▽

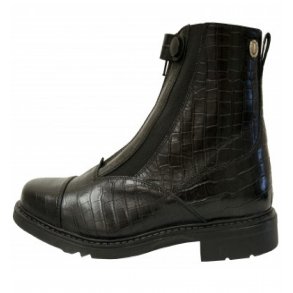 Ridestvler i lder med croco look 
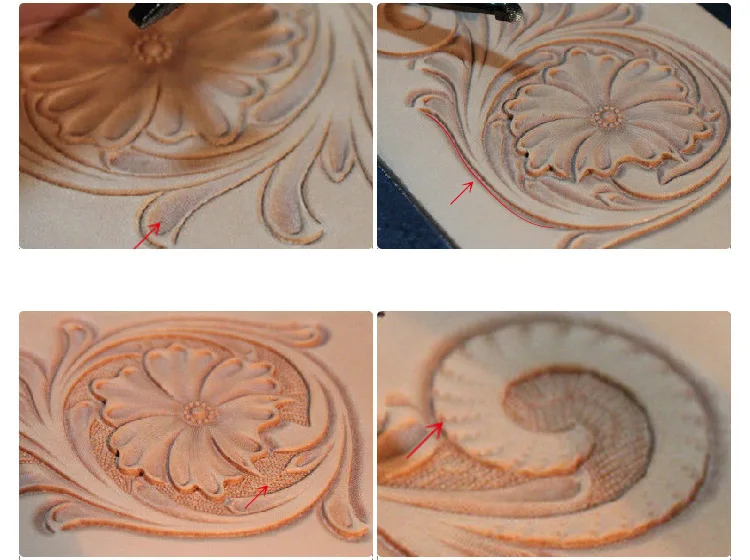Можно выбрать кожаный резной гравировальный DIY ручной пошив из воловьей кожи для кожевенного ремесла Инструменты для печати дубления-sik Emboss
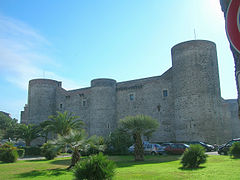 Castello Ursino (1239-1250) en Catania (Sicilia)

△

* PROBLEM DESCRIPTION *
The output has to match the data above line for line, except that pictures are dropped.

* EXERCISE SOLUTION *
 Ridestvler i lder med croco look 
Можно выбрать кожаный резной гравировальный DIY ручной пошив из воловьей кожи для кожевенного ремесла Инструменты для печати дубления-sik Emboss
 Castello Ursino (1239-1250) en Catania (Sicilia)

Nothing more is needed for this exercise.